The Croatian Finance Ministry published a list of tax debtors to help boost revenue and narrow the budget deficit to 3.8 percent of gross domestic product this year from 5.5 percent in 2011.

The list, called the “Pillar of Shame” by national radio, includes 102,000 corporate, entrepreneurial and individual debtors owing taxes for longer than 90 days. They owe a combined 52 billion kuna ($8.5 billion) in taxes, ministry spokeswoman Sanja Bach said by phone today in Zagreb, or almost half the country’s estimated 118.8 billion kuna in budget spending for this year.
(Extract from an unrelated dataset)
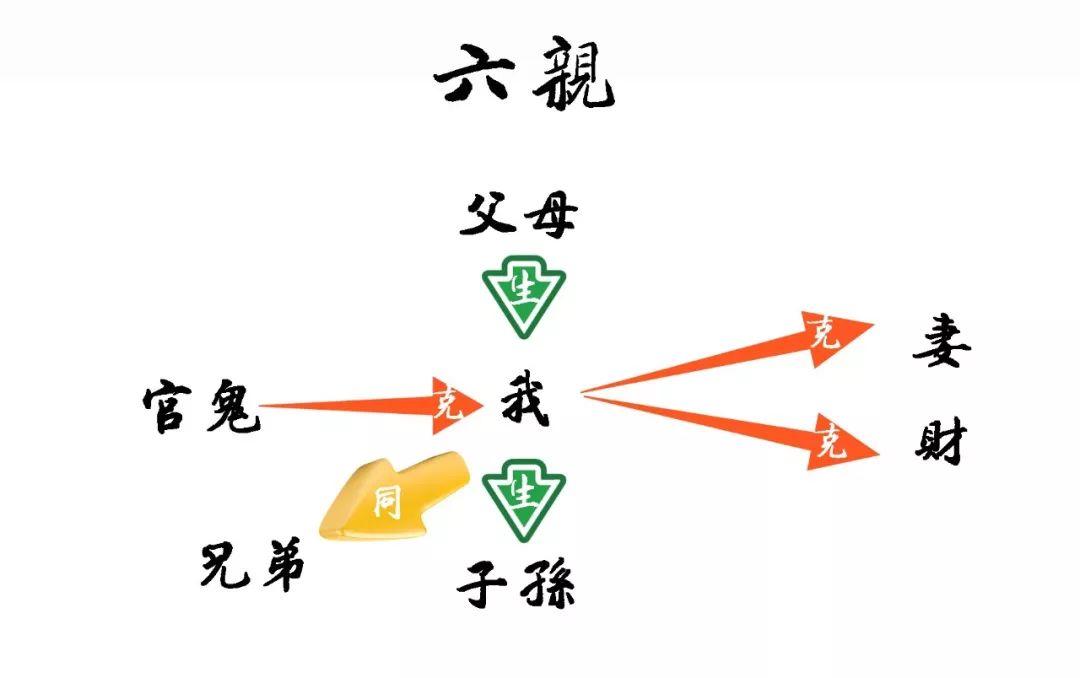 我们将 父母,子孙,官鬼,妻,财 还有兄弟称为 六亲,请看下面子曰画的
Croatia, which is set to join the European Union in July 2013, is struggling to attract investors and revive the economy after two years of recession and last year’s stagnation. The Adriatic Sea nation’s seven-month-old government, led by Prime Minister Zoran Milanovic’s Social Democrats, proposed 4 billion kuna in cuts in January to narrow the deficit and bolster the country’s credit rating.

“This debt didn’t accumulate overnight,” Nada Cavlovic Smiljanec, the head of the Tax Office, said in a video link on the government’s website. “We are primarily talking here about entrepreneurs and heads of companies who enjoyed good relations with the previous government and were allowed to avoid tax liabilities,” she said.